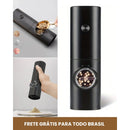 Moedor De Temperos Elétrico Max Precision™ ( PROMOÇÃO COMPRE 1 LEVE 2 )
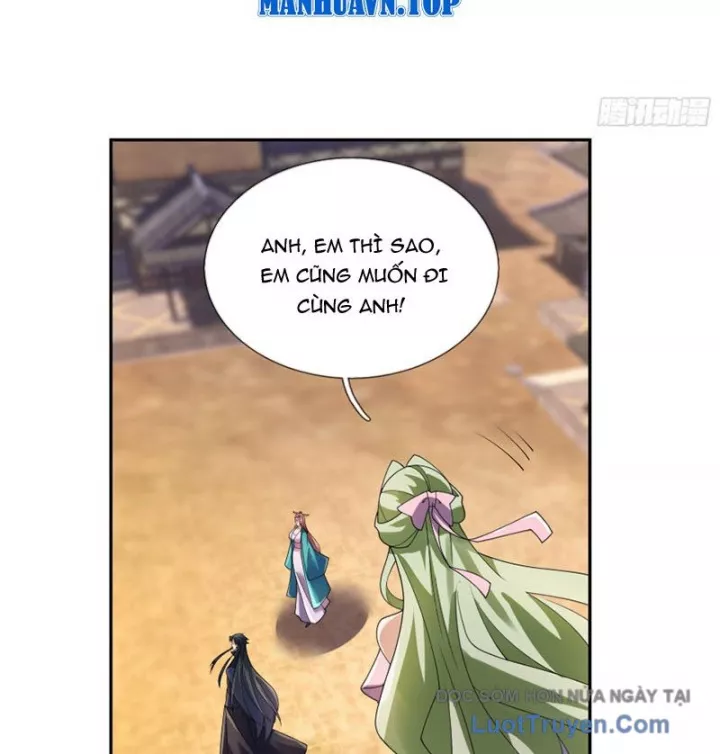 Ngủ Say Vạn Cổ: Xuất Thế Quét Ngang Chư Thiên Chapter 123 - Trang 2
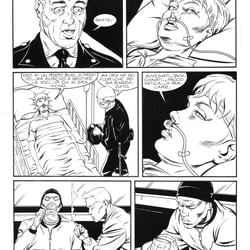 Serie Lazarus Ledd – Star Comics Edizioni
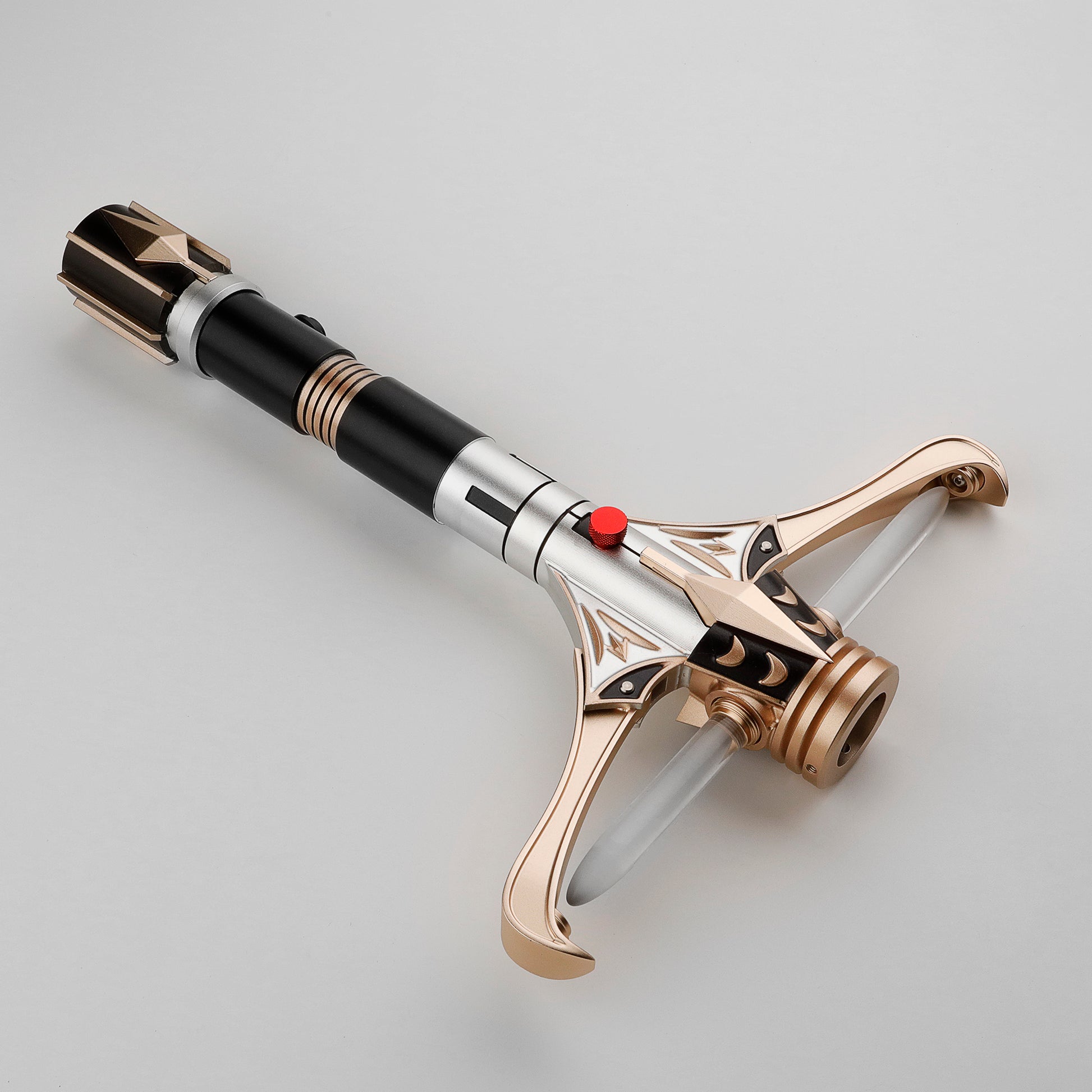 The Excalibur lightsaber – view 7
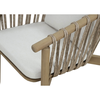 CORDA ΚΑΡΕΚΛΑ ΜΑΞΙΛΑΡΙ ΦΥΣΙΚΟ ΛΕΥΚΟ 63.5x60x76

---

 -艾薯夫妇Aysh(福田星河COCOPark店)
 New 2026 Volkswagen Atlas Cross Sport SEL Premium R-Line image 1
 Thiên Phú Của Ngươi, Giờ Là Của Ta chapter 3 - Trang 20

### Problem
Word for word, restate the lines above from the one with "Moedor De Temperos" through the one with "CORDA ΚΑΡΕΚΛΑ ΜΑΞΙΛΑΡΙ", keeping both ends and dropping the pictures.

### Answer space
 Moedor De Temperos Elétrico Max Precision™ ( PROMOÇÃO COMPRE 1 LEVE 2 )
 Ngủ Say Vạn Cổ: Xuất Thế Quét Ngang Chư Thiên Chapter 123 - Trang 2
 Serie Lazarus Ledd – Star Comics Edizioni
 The Excalibur lightsaber – view 7
 CORDA ΚΑΡΕΚΛΑ ΜΑΞΙΛΑΡΙ ΦΥΣΙΚΟ ΛΕΥΚΟ 63.5x60x76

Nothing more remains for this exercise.